_Instructions to follow:_ Please restate, word for word, the lines below that begin at the one with "11 DAVIDSON ROAD, Aurora, Ontario L4G 2A9" and end at the one with "Gelbe MODSTR&Ouml;M Blazer". Leave out all other lines.

_Given data:_
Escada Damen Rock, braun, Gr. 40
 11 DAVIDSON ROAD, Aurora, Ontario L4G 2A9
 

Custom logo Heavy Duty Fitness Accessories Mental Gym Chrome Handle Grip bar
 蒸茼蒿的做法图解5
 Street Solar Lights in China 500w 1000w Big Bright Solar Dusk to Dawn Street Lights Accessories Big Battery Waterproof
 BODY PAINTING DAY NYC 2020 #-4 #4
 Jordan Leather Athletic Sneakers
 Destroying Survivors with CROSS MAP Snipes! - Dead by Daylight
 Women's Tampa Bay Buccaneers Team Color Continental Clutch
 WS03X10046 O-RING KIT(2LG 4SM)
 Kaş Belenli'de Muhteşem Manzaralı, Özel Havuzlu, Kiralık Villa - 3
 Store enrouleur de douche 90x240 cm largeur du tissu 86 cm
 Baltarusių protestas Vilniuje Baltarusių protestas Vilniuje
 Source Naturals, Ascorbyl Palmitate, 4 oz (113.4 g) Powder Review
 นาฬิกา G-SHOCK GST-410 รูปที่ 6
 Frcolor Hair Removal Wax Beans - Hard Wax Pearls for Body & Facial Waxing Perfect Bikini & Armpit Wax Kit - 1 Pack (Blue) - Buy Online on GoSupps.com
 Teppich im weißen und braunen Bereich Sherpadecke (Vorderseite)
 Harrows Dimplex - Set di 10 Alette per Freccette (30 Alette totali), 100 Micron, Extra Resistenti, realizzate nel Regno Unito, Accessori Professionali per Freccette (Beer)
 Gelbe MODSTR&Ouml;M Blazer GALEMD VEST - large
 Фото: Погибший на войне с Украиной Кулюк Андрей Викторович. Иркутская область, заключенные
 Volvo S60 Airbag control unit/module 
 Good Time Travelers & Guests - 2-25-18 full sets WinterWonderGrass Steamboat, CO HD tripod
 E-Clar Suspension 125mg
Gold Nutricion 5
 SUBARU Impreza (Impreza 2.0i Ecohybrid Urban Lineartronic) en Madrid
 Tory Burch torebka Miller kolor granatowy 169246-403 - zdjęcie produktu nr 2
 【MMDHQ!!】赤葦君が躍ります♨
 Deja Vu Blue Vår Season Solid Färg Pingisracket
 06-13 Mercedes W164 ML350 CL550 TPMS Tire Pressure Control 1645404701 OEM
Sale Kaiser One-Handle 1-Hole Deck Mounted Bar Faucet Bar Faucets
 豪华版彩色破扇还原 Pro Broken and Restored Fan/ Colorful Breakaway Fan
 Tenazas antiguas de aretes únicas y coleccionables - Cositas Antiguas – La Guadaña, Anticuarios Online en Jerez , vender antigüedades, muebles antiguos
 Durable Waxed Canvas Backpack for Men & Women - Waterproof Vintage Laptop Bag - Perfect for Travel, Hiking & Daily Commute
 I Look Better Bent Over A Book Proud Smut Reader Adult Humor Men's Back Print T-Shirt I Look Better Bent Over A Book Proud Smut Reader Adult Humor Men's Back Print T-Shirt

_Answer to the exercise:_
 11 DAVIDSON ROAD, Aurora, Ontario L4G 2A9
 

Custom logo Heavy Duty Fitness Accessories Mental Gym Chrome Handle Grip bar
 蒸茼蒿的做法图解5
 Street Solar Lights in China 500w 1000w Big Bright Solar Dusk to Dawn Street Lights Accessories Big Battery Waterproof
 BODY PAINTING DAY NYC 2020 #-4 #4
 Jordan Leather Athletic Sneakers
 Destroying Survivors with CROSS MAP Snipes! - Dead by Daylight
 Women's Tampa Bay Buccaneers Team Color Continental Clutch
 WS03X10046 O-RING KIT(2LG 4SM)
 Kaş Belenli'de Muhteşem Manzaralı, Özel Havuzlu, Kiralık Villa - 3
 Store enrouleur de douche 90x240 cm largeur du tissu 86 cm
 Baltarusių protestas Vilniuje Baltarusių protestas Vilniuje
 Source Naturals, Ascorbyl Palmitate, 4 oz (113.4 g) Powder Review
 นาฬิกา G-SHOCK GST-410 รูปที่ 6
 Frcolor Hair Removal Wax Beans - Hard Wax Pearls for Body & Facial Waxing Perfect Bikini & Armpit Wax Kit - 1 Pack (Blue) - Buy Online on GoSupps.com
 Teppich im weißen und braunen Bereich Sherpadecke (Vorderseite)
 Harrows Dimplex - Set di 10 Alette per Freccette (30 Alette totali), 100 Micron, Extra Resistenti, realizzate nel Regno Unito, Accessori Professionali per Freccette (Beer)
 Gelbe MODSTR&Ouml;M Blazer GALEMD VEST - large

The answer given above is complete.